A verbatim transcript of the data below is required, images omitted.

**DATA PROVIDED:**
◆ ◆ ◆ ◆ ◆ ◆ ◆

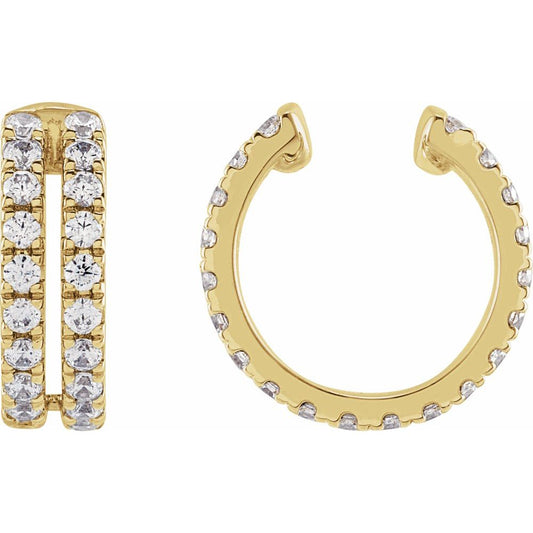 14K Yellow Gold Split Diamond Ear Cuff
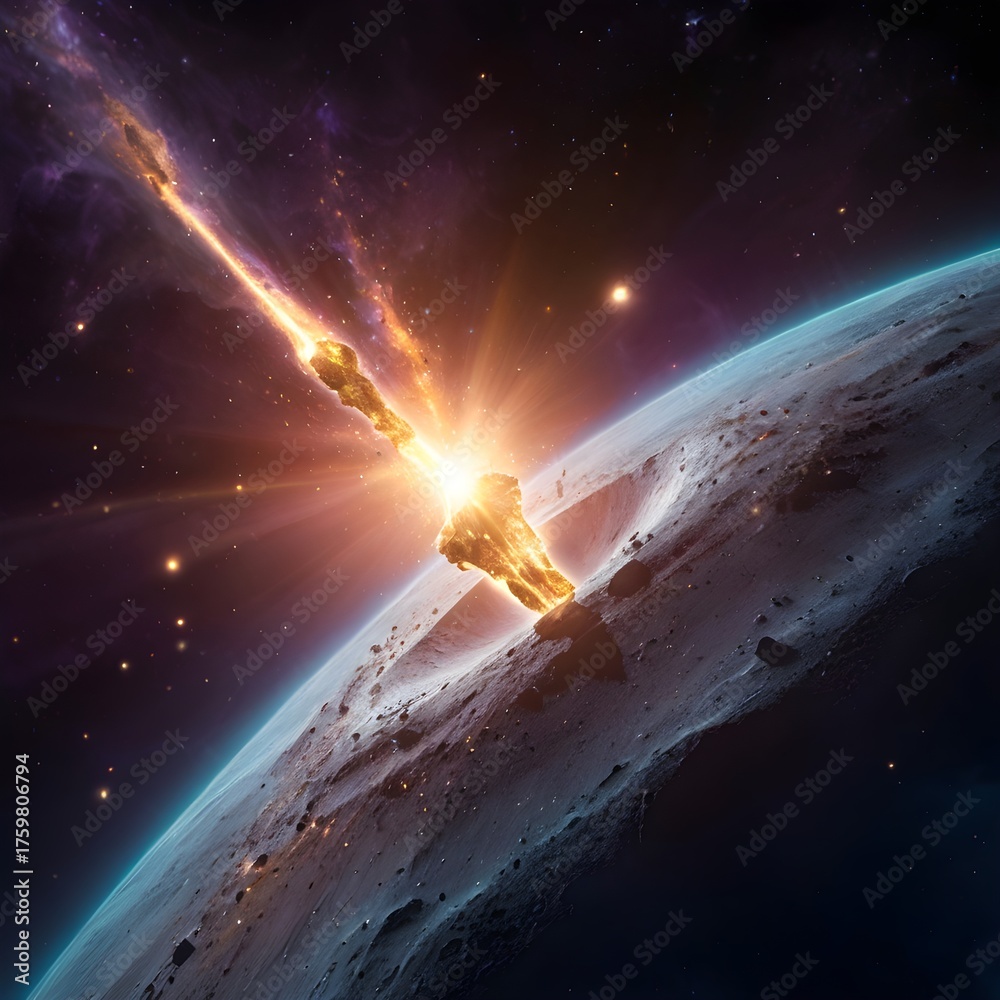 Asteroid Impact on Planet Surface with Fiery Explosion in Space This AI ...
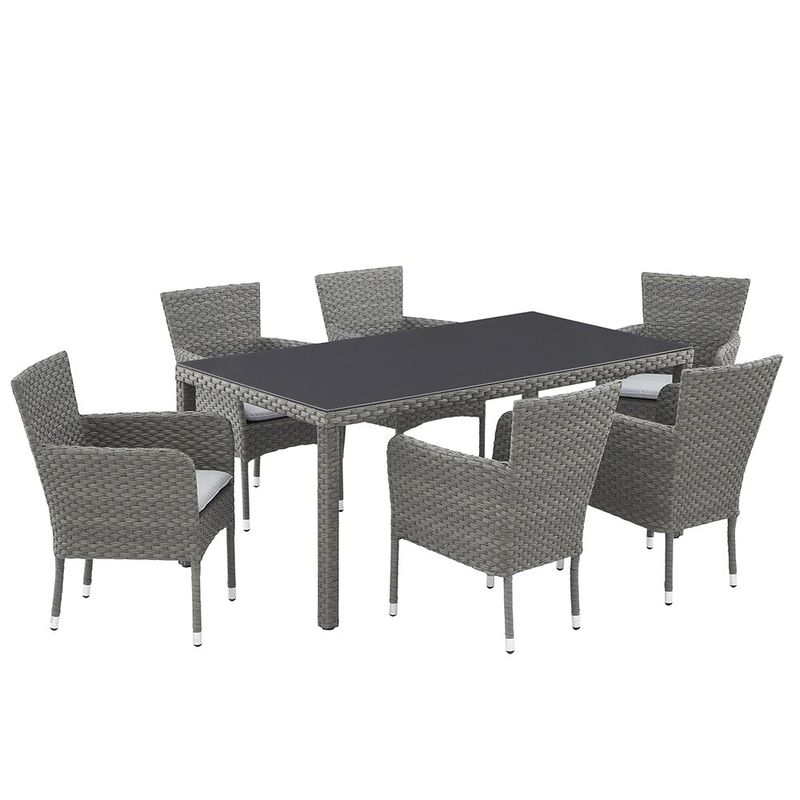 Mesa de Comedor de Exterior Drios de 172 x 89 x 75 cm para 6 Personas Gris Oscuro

◆ ◆ ◆ ◆ ◆ ◆ ◆

**COMPLETED TASK:**
 14K Yellow Gold Split Diamond Ear Cuff
 Asteroid Impact on Planet Surface with Fiery Explosion in Space This AI ...
 Mesa de Comedor de Exterior Drios de 172 x 89 x 75 cm para 6 Personas Gris Oscuro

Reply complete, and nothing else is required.